Short web captions
▬▬▬

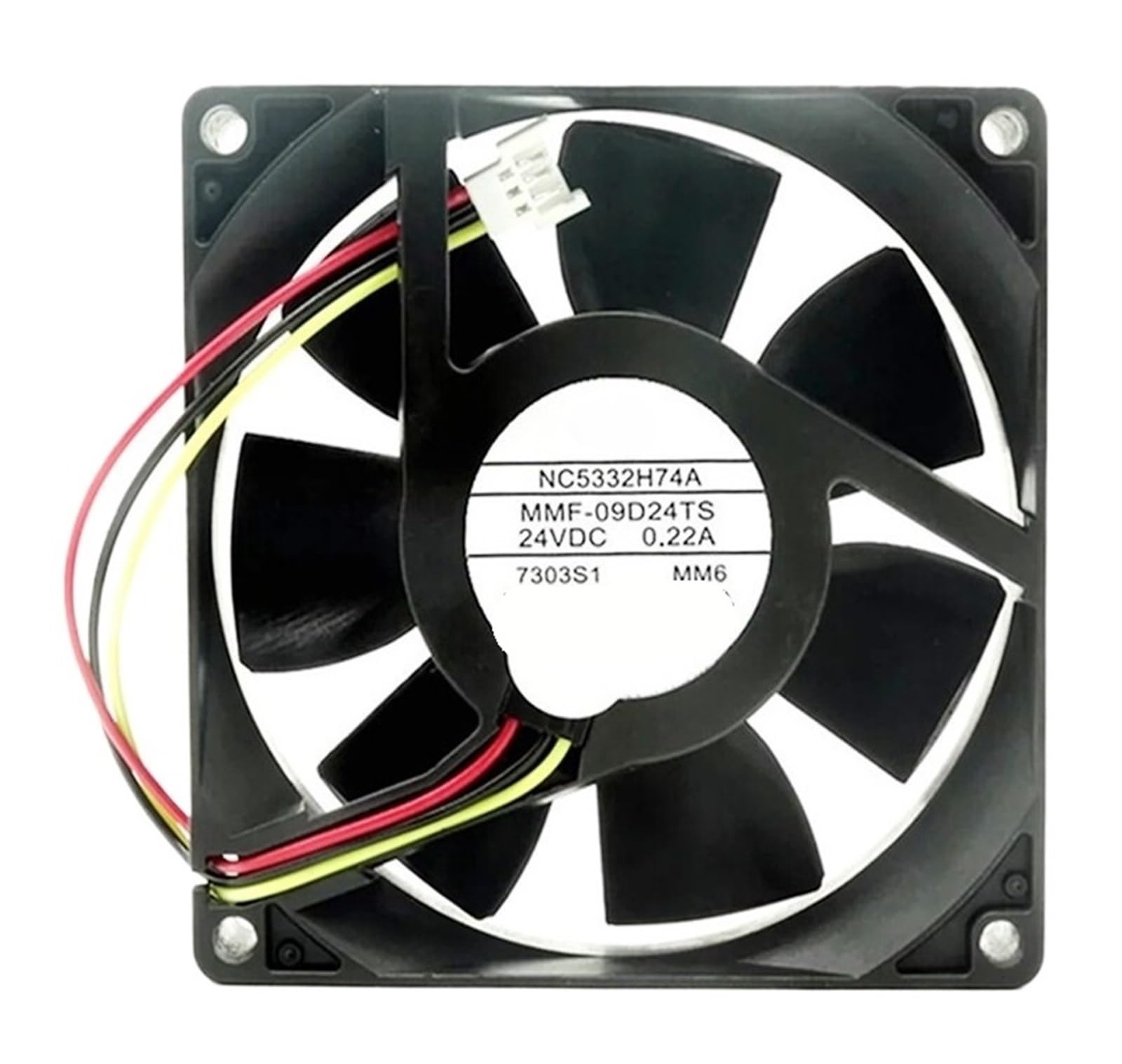 ZBWZXBDJ Cooling fan NC5332H74A MMF-09D24TS-MM6 DC 24V 0.22A 9025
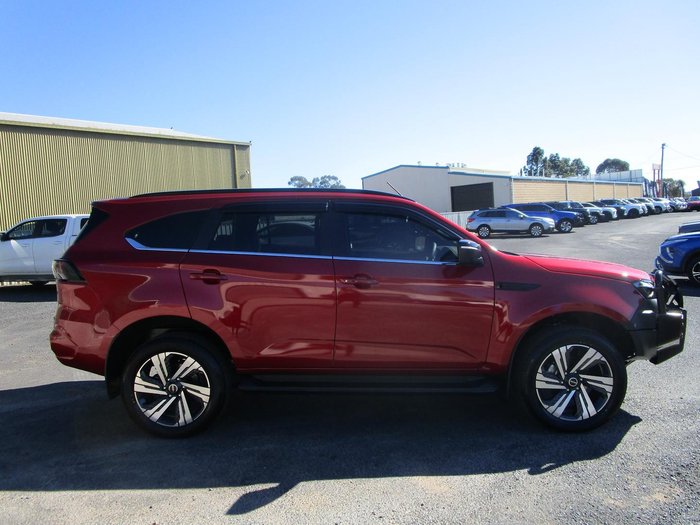 2026 Isuzu MU-X LS-T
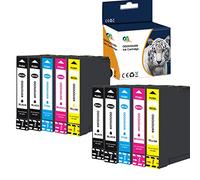 Teland - Cartuccia di inchiostro compatibile per Epson 603 603XL per Expression Home XP-2100 XP-2105 XP-4105 XP-4100 XP-3105 XP-3100 Workforce WF-2850DWF WF-2835DWF WF-2830DWF WF-2810DWF (10 PK)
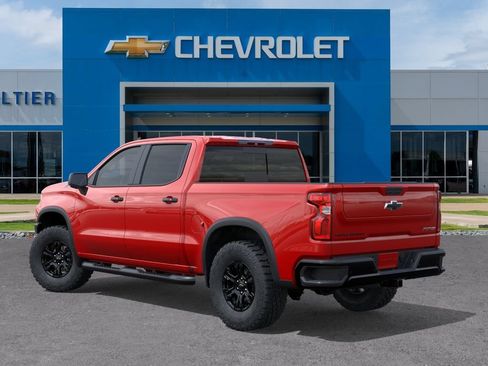 New 2026 Chevrolet Silverado 1500 ZR2 w/ Dark Appearance Package AWD/4WD image 3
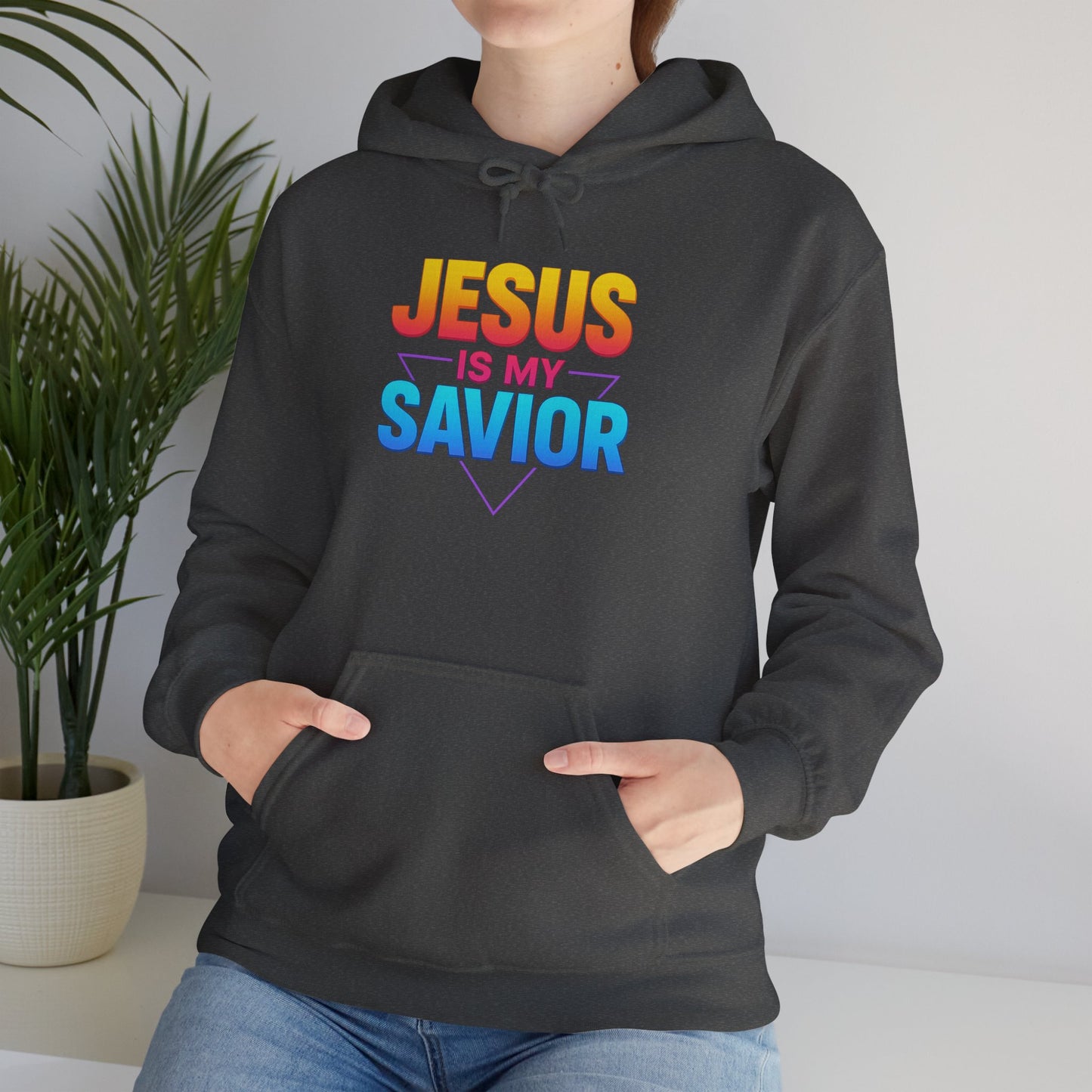Hooded Sweatshirt - Jesus is My Savior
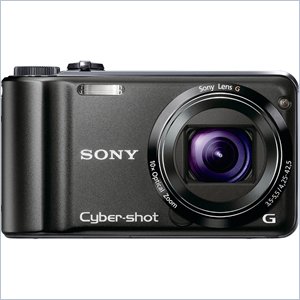 Sony Cyber-shot DSC-HX5V Compact Camera - Black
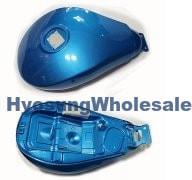 44110HP9503CTB Hyosung GV650 Aquila Fuel Gas Tank Carby Model Blue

▬▬▬

# DIRECTIONS:
Return exactly the lines from the one containing "Sony Cyber-shot DSC-HX5V" through the end of the records, leaving out every picture.

# SOLVED EXERCISE:
 Sony Cyber-shot DSC-HX5V Compact Camera - Black
 44110HP9503CTB Hyosung GV650 Aquila Fuel Gas Tank Carby Model Blue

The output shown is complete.